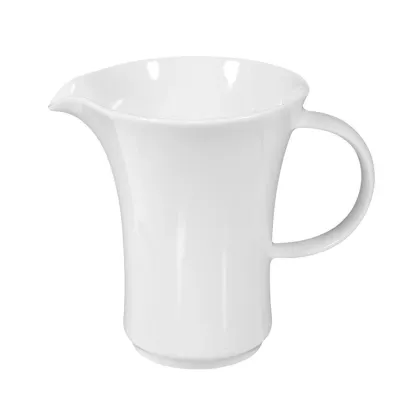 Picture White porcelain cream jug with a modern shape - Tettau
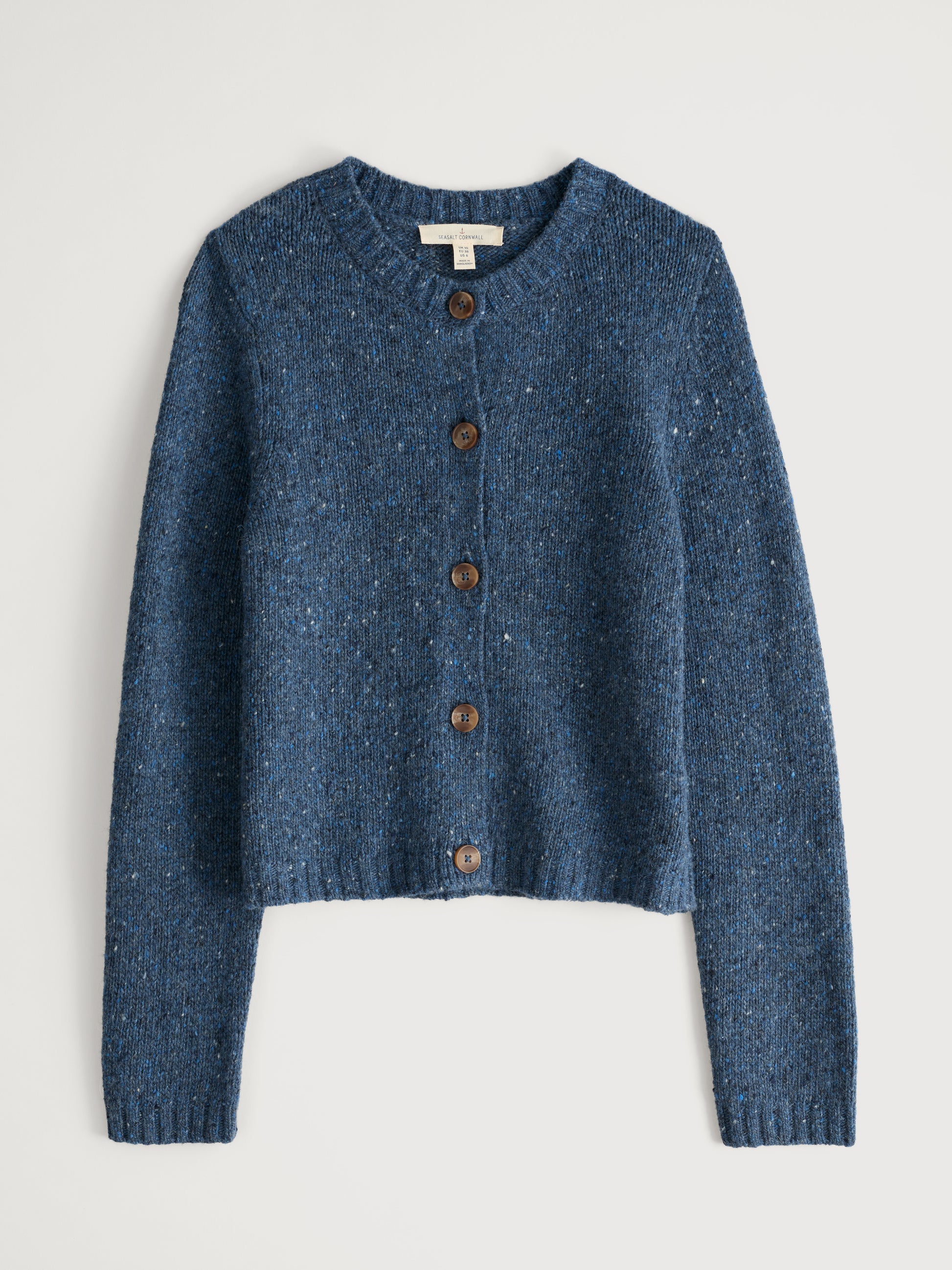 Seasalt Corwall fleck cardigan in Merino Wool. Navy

==

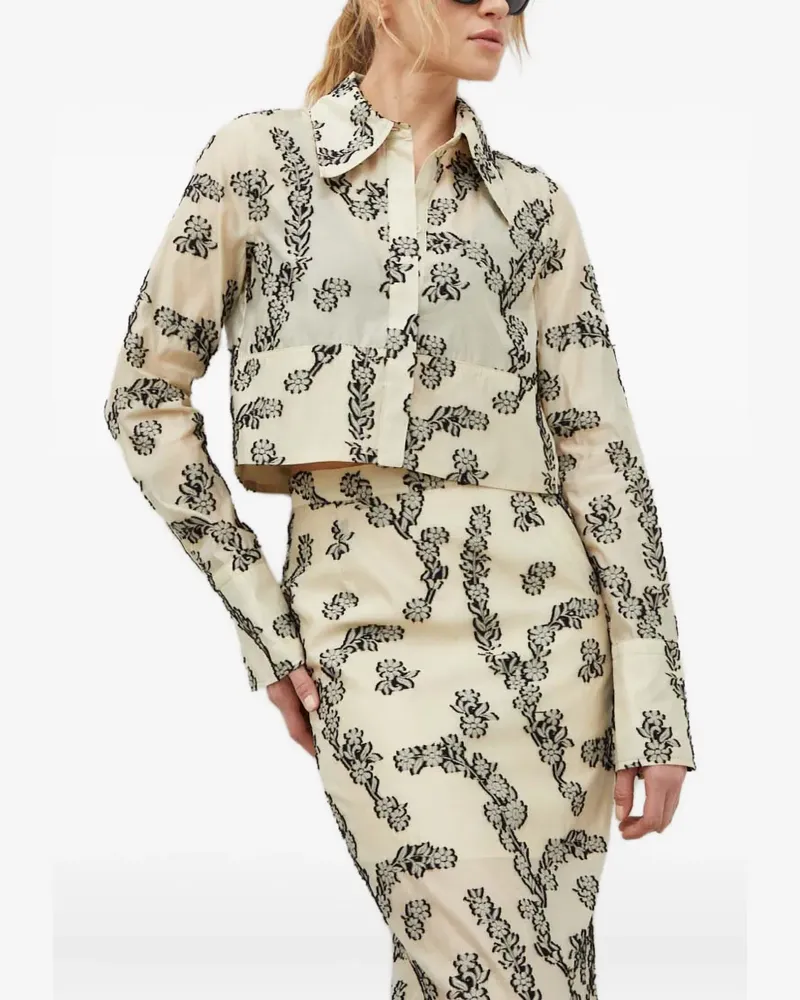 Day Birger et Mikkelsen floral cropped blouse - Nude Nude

...

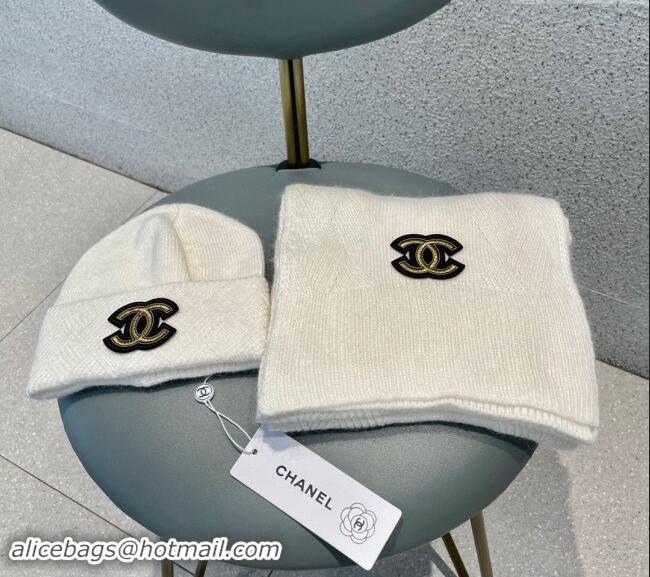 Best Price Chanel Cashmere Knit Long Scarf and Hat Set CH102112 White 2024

## Work order
Out of the records above, return only the lines from the one with "Picture White porcelain" through the one with "Seasalt Corwall fleck", exactly, and none of the pictures.

## Problem solution
 Picture White porcelain cream jug with a modern shape - Tettau
 Seasalt Corwall fleck cardigan in Merino Wool. Navy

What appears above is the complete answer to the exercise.